TASK ITEM - Nothing in the entries may change when you repeat them, and no images may appear.

Dataset items -
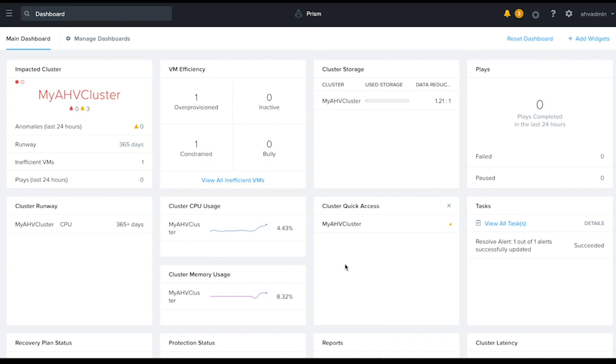Welcome, this is Jason Yeo from Nutanix. In this video, I'm going to show you how to set up network visualization for an AHV cluster.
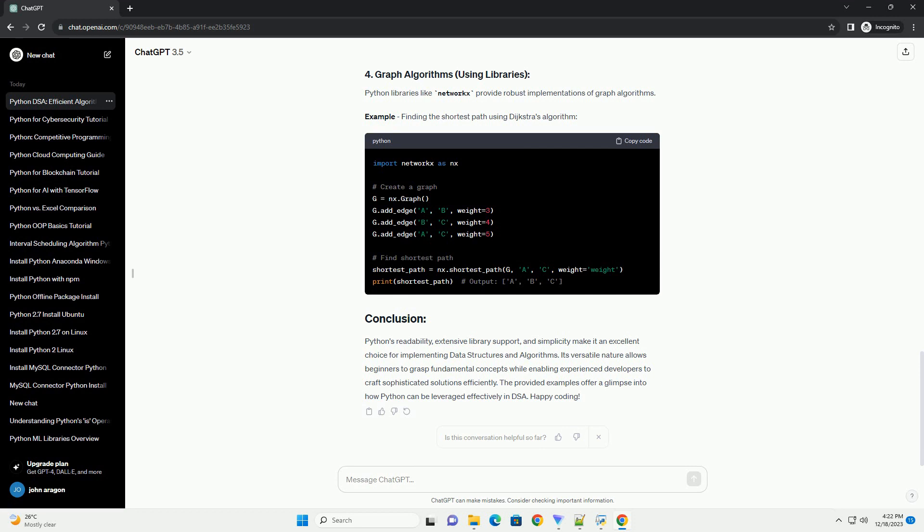Python's built-in sort method and the sorted function implement efficient sorting algorithms like TimSort, which combines merge sort and insertion sort. Example: sorting a list of integers.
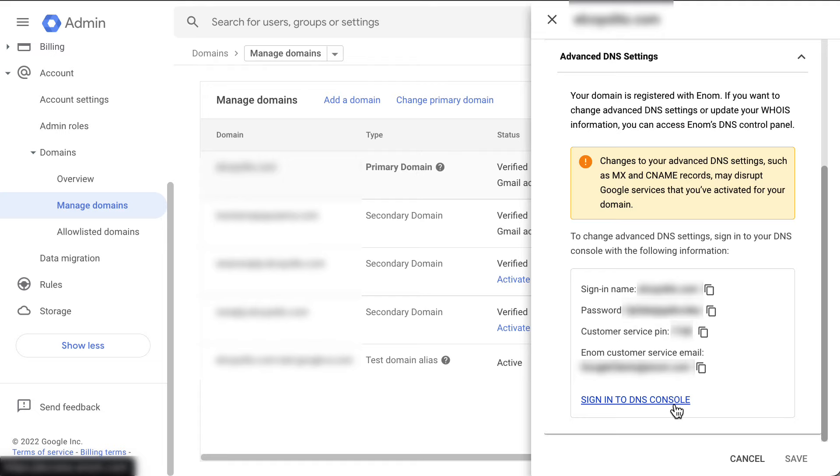Also, make sure that your account is not suspended since you won't be able to access these settings with a suspended account.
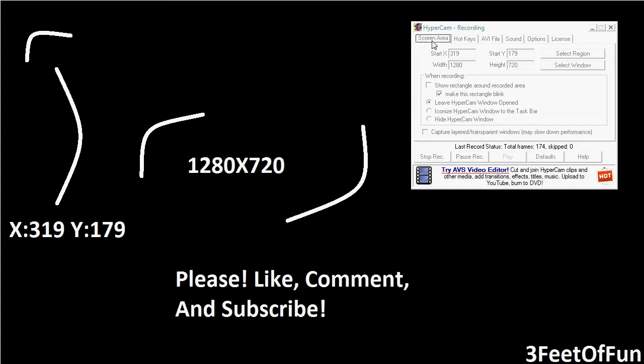You gotta go to screen area, and then where it says when recording, uncheck show rectangle around recording area and check make this rectangle blink.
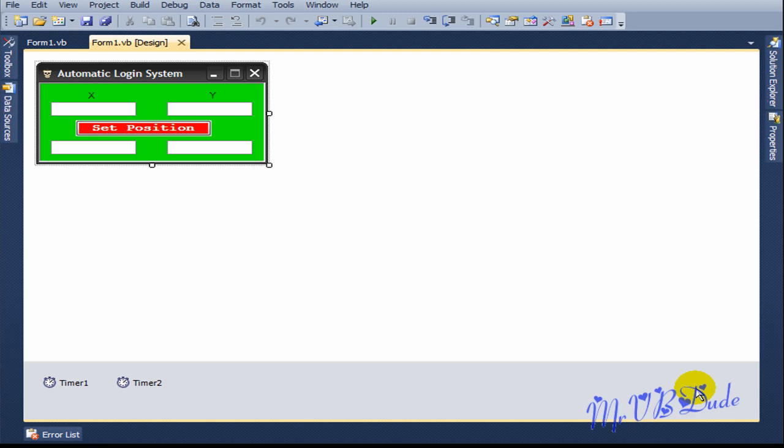What's up YouTube. Today I'm going to show you a very good program that I made a couple of days ago. What this program does is it logs in to a YouTube account, Hotmail, Gmail, or any other account you want automatically, so you don't have to actually go and click on sign in and type in your username and password — this program does it for you.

TASK RESPONSE -
Welcome, this is Jason Yeo from Nutanix. In this video, I'm going to show you how to set up network visualization for an AHV cluster.
Python's built-in sort method and the sorted function implement efficient sorting algorithms like TimSort, which combines merge sort and insertion sort. Example: sorting a list of integers.
Also, make sure that your account is not suspended since you won't be able to access these settings with a suspended account.
You gotta go to screen area, and then where it says when recording, uncheck show rectangle around recording area and check make this rectangle blink.
What's up YouTube. Today I'm going to show you a very good program that I made a couple of days ago. What this program does is it logs in to a YouTube account, Hotmail, Gmail, or any other account you want automatically, so you don't have to actually go and click on sign in and type in your username and password — this program does it for you.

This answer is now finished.